Lab 5 - SVMs

Thursday, July 15, 2010

12:46 PM

 

PURPOSE

Goal: By the end of this lab, you will understand the how to build and test with a SVM model.  

 

 

SETUP

Note these instructions are for Linux boxes only.  This has not been tested or supported on non-Linux Laptop configs. 

 

1.       Verify that SVMlab folder is installed in your local working directory.  (If not, please download it from /usr/ccrma/courses/mir2010/Toolboxes  / Utilities / SVMlab folder.) 

 

2.       Add the entire SVMlab folder (with subfolders) to your Matlab path. 

 

3.       Now, we need to reset the permissions of the files in this folder:

Open a Terminal window and cd to the directory where you placed your SVMlab folder. 

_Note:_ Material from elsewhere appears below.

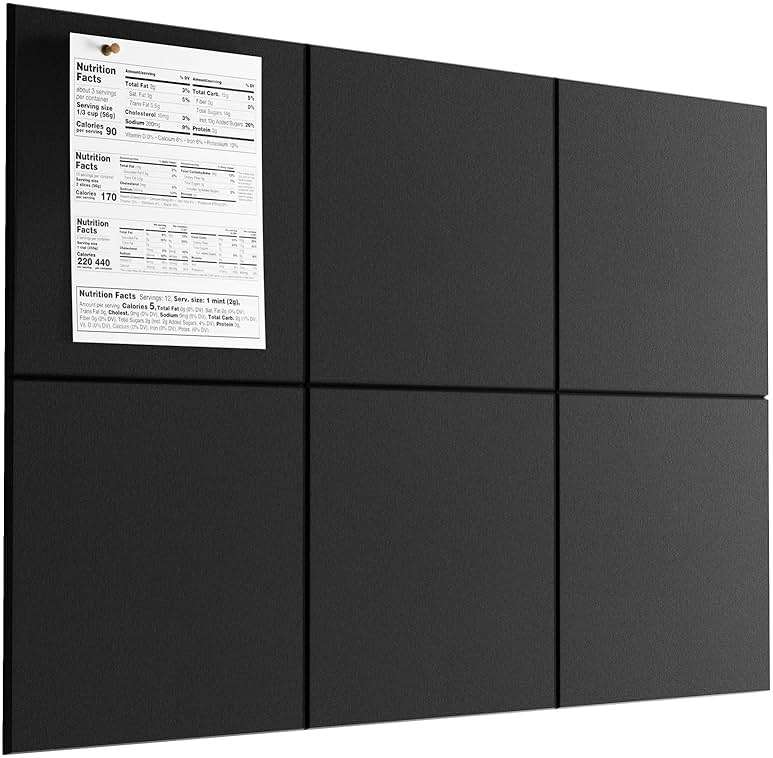 MaxGear Large Felt Bulletin Board 36" x 24", Cork Board Alternative, 6 Pack Black Felt Wall Tiles with Push Pins, Cork Boards for Walls Pin Board for Office & HomePanels - Image 1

cd to the folder /Libsvm-2.86/tools/

In the Terminal, type:

chmod 755 grid.py

chmod 755 svmtrain

chmod 755 svmpredict

chmod 755 svmscale

To verify that everything worked, type in grid.py.  You should see something that says "Usage: grid.py [-log2c begin, eng] etc."

 

If you see "permission denied", then something went wrong - repeat the above process.

 

 

 

SECTION 1:  BUILDING AN SVM

FEATURE EXTRACT

Since we need data that we can assign LABELS to, feature extract a collection of instrument samples (as many features as you want).  

 

Labels in SVM format take the format of  {-1 or 1} for negative and positive examples respectively. 

 

For variety, choose instruments based on samples in:

You can choose to classify based on artists or instrument examples for files posted in:

/audio/Miscellaneous Loops Samples and SFX/Instrument Samples

 

Don't forget to scale the feature data, save the scaling coefficients so we can scale the test data to be in the same range.

 

Create a label vector using class labels  {1,-1}

 

 

A useful command for creating label vectors with "-1" is the command:

repmat (-1, size(features.frames,1) , 1 ) 

% This command generates a vector repeating the number -1 many, many, many times...

 

 

SECTION 2:  USING AN SVM

Find the best parameters (C and gamma)

EXPORT DATA

We are using an external program (a python script) to run a grid search and look for the best values of C and gamma.  To export your data so that libSVM can read it, I've created a helper function.

mat2libSVMFormat.m

 

mat2libSVMFormat(data,label,filename)

 

For example:

mat2libSVMFormat(features , labels,'~/Matlab/libsvm-2.86/tools/myData.txt')

 

This file needs to be saved in the save directory as the libSVM tools (grid.py etc) are located.

 

Open up the file to see the particular format that libSVM prefers - and also to verify that the data was written out correctly. 

 

GRID SEARCH

Now that the data has been exported from Matlab, open a Terminal window. 

 

In the Terminal, type:

> grid.py myData.txt

 

You'll see the following sample text output to the screen...

[...]

[local] 13 -13 61.9048  (best c=512.0, g=0.001953125, rate=66.6667)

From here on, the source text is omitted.